## Exercise instructions
From the records that follow, return exactly the lines beginning at the one that contains "19525 E Bates Ave, Aurora, CO 80013" and ending at the one that contains "2025 Kia Sorento S photo 1", pictures left out.

## Provided records

---

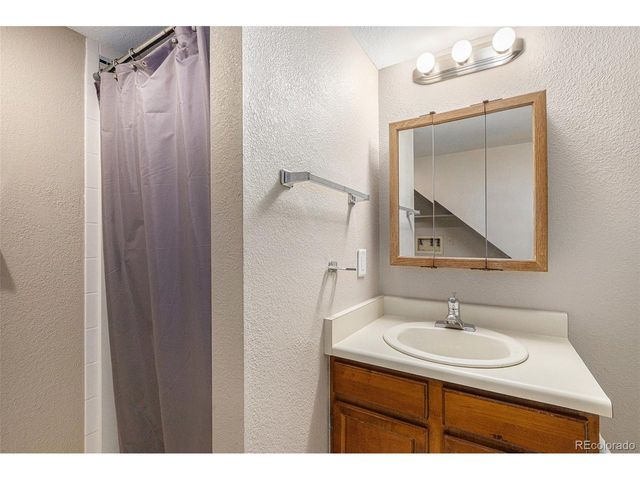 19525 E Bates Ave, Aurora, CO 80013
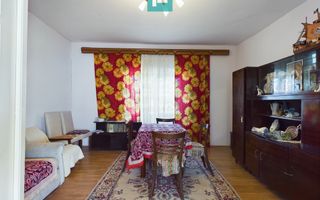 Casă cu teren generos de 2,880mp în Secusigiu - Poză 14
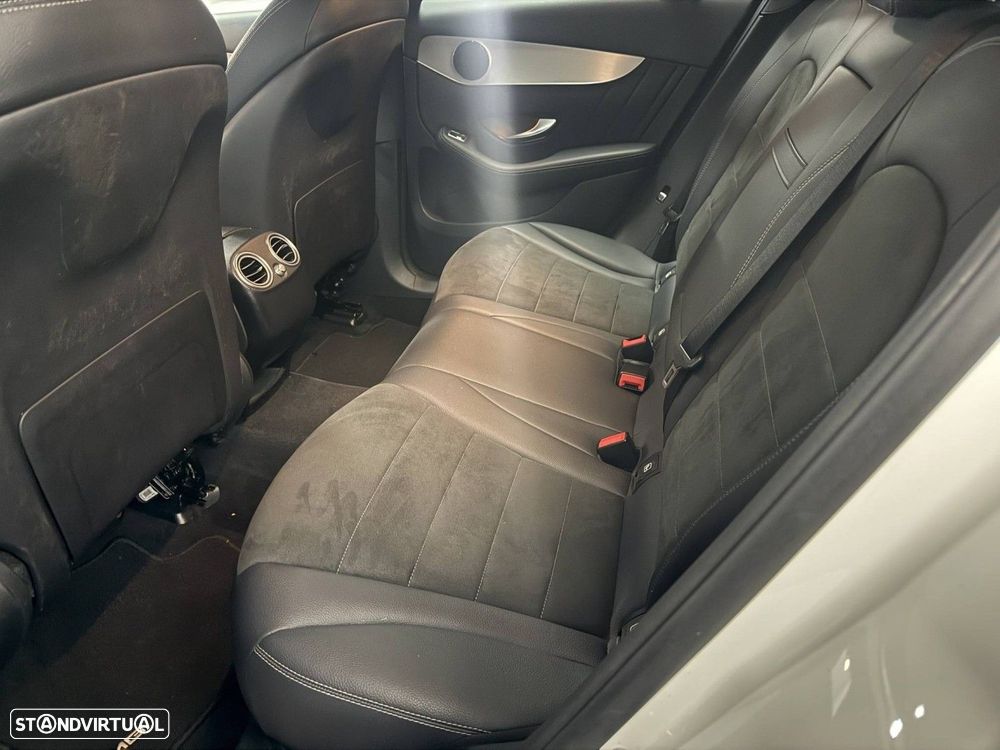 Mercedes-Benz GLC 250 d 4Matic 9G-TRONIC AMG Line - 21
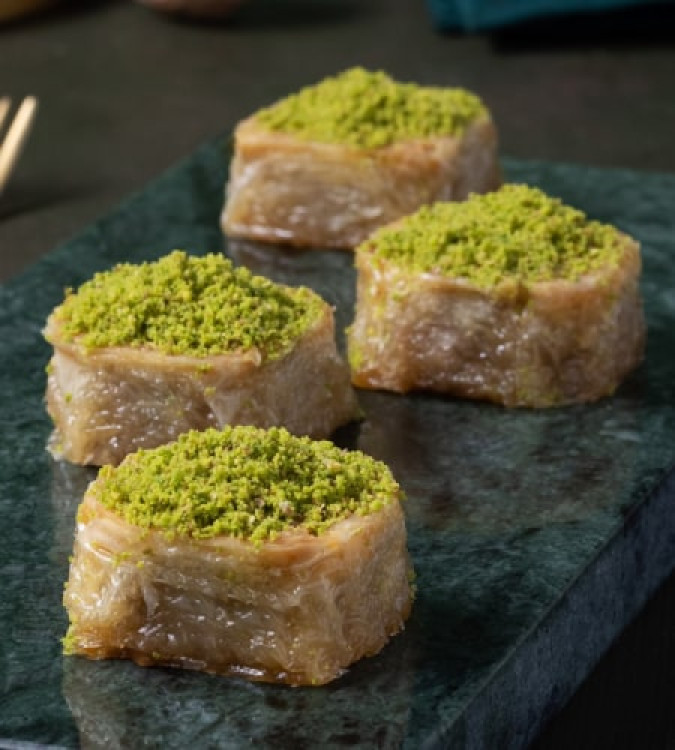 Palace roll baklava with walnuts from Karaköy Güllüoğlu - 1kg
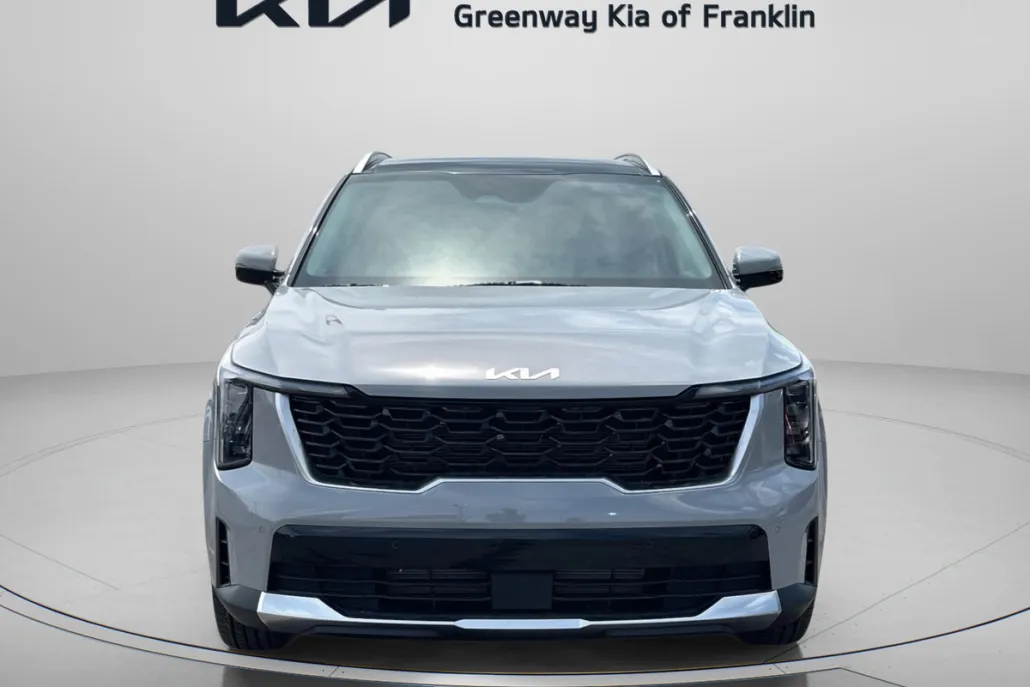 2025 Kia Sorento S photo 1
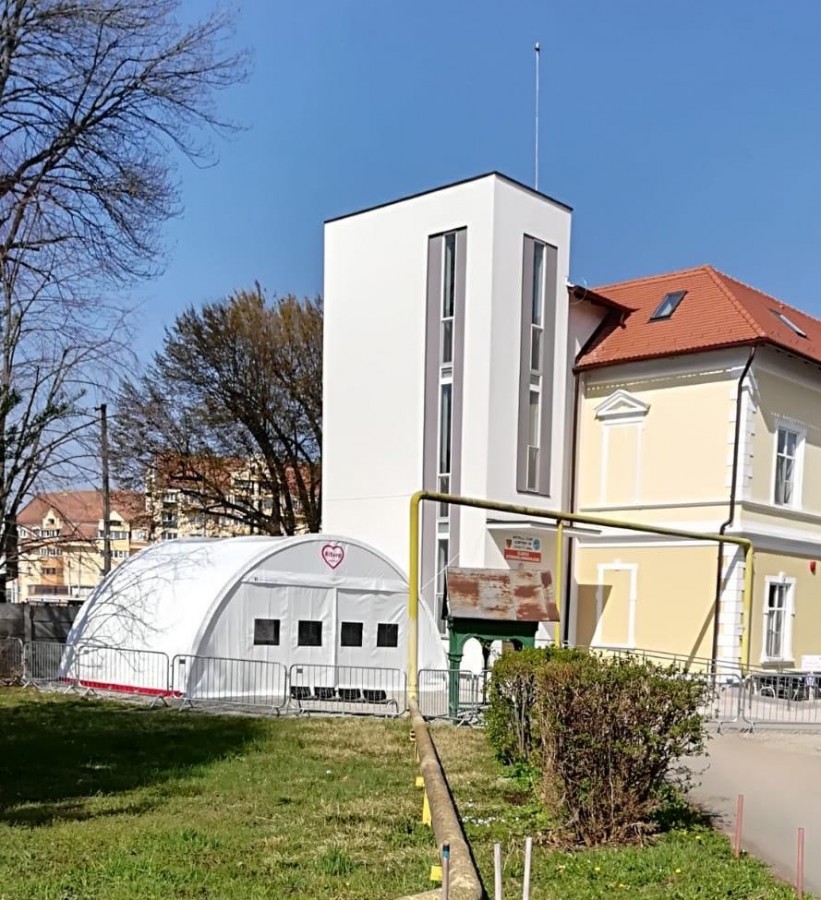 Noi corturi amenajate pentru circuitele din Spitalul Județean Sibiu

---

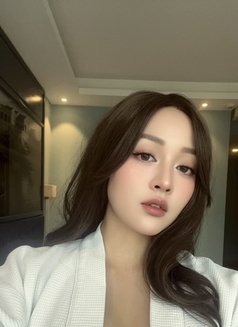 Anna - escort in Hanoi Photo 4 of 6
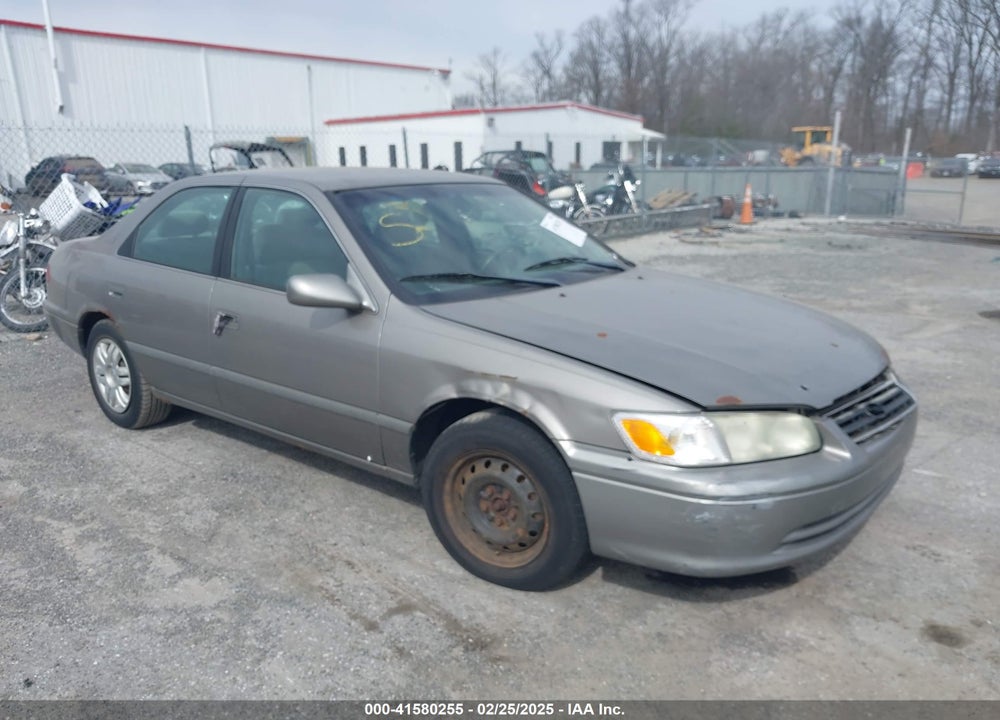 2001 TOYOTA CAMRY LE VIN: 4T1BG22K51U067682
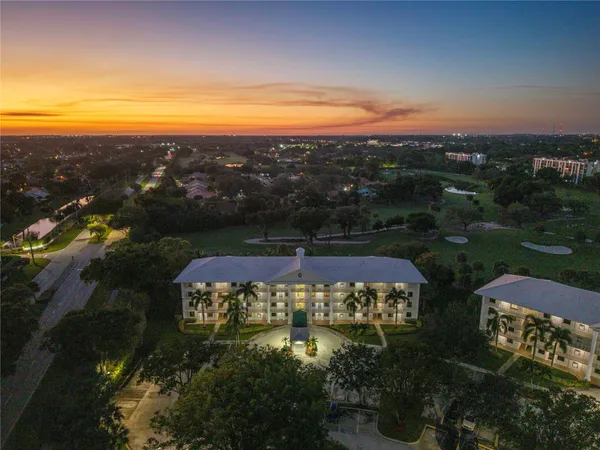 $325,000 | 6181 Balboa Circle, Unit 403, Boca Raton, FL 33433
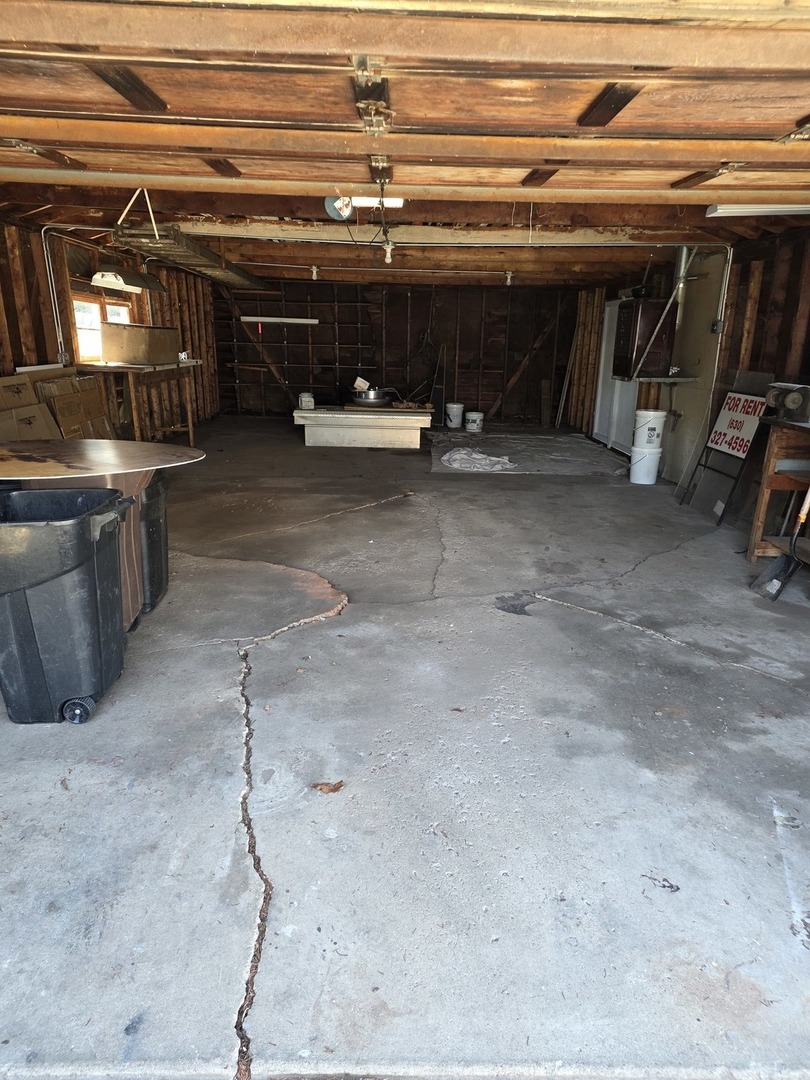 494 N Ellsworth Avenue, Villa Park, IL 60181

---

## Answer for this exercise
 19525 E Bates Ave, Aurora, CO 80013
 Casă cu teren generos de 2,880mp în Secusigiu - Poză 14
 Mercedes-Benz GLC 250 d 4Matic 9G-TRONIC AMG Line - 21
 Palace roll baklava with walnuts from Karaköy Güllüoğlu - 1kg
 2025 Kia Sorento S photo 1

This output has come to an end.